顔を赤くして照れ出す、わかりやすすぎるネル子さん。
で、ベリアルが続ける。
「そう、なんと言いますか、こう……、ただの思いつきなのに貧乏エルフが頑張ってドレスアップとカラーリングでコスプレしてみちゃったのは良いものの大金はたいてそれだけじゃ勿体ないしせっかくだから茶番のひとつでも演じてみようかなっていう、感じのアレですね!」
「そのメタ発言、今すぐやめーーーぇッ!」
ネル子、絶叫す。ふたたび!
「では、冥王様。お待ちくださいませ。こやつらを今すぐ血祭りにしてみせましょう!」
ベリアルはぎらり、鋭い眼光を若者と幼女に向けた。
「ひぃッ!」「きゃぁッ!」
ふたりは怯え出した。
「ちょっと待ってってば! そーゆーことしちゃダメだかんね!」
ネル子は凛と立ちはだかった。
「? 何故です、冥王様? やつらの泣き叫ぶ姿が見たくないのですか?」
不思議そうなベリアルだ。
「んなもん、見たいワケないでしょ!」
「またまたご冗談を。やつら弱者どもの阿鼻叫喚こそが我々の嗜好でしょう?」
「う……、まぢでか? さすが魔族どもだよ」
ネル子は若干引いている。
ベリアルが何かを思い出すように続ける。
「そして就寝前のワインとチーズ、捕らえた弱者どもに無理な縛りプレイ……」
「ちょえぇッ? そんな、ぢうはっきん的な表現、ここでしても大丈夫なのッ?」
慌て出すネル子。
「そう、武器防具無しや一人旅は当たり前、魔法禁止、最小戦闘回数クリア、カウンター技のみでクリア等々、そんな無茶な縛りプレイを、何時間も延々とやらせ続け衰退していく様を視聴するのが、何よりのお楽しみだったでしょう?」
「そっちッ? てか、悪趣味! ドSこじらせて変な方向に悪質だよ!」
――つぅか、それってただ単に一杯やりながら動画見て寝るだけぢゃね?
「しかも、80~90年代のレトロゲーばかり」
「おっさんか! もしくは、ちょっと疲れたヲタ系アラフォーOLか!」
「冥王様、偏見はよくないですぞ?」
ベリアル。
「うるさいよ! 個人の見解だよ! ……てか、いい加減にしないと、あたし、アンタを刈り取っちゃうかんねッ!」
ネル子は距離を取って構えた。
「……おかしい。
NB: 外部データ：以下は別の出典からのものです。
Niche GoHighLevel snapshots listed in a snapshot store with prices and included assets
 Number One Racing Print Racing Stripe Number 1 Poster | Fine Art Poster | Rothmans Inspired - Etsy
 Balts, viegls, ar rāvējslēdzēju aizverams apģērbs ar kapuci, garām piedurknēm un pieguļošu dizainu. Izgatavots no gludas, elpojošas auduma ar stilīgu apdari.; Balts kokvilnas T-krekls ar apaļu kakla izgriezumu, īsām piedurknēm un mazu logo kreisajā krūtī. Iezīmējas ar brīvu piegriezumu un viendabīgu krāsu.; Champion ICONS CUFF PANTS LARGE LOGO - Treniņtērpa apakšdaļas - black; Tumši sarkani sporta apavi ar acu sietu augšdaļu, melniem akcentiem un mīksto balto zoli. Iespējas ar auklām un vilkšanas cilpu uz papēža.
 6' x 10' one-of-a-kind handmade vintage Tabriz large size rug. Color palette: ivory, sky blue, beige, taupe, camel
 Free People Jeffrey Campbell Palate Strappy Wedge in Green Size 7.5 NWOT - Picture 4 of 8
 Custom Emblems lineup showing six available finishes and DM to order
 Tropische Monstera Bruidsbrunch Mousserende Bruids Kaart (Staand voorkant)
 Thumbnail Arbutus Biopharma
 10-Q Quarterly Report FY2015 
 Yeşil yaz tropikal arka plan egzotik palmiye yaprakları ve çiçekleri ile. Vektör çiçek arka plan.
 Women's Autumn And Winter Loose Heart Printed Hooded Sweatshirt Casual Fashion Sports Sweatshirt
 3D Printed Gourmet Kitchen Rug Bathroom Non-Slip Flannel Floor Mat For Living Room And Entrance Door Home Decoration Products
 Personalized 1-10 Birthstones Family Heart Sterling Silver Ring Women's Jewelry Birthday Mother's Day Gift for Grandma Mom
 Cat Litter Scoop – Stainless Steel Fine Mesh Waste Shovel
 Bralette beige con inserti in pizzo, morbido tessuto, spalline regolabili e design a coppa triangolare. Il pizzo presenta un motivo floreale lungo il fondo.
小娘、もしかしてキサマ、冥王様ではないな?」
ベリアルが怪訝そうな目を向けた。
「やっと気付いた? そうだよ、あたしは冥王なんかじゃない」
「どおりでな。変だと思ったぜ」ベリアルは口調を変えた。「冥王様はツッコミ気質じゃなかったはずだ。どっちかってぇと、ボケるの大好きだったもんな、あのお方は」
「そんなのどっちでもいいよ!」
――てか、冥王がボケ大好きってどゆことなん? そんなネルゲル様なら是非一度お目に掛かりたかったわ!
しかし、ネル子はグッとこらえた!
つづく!
※この物語はフィクションです。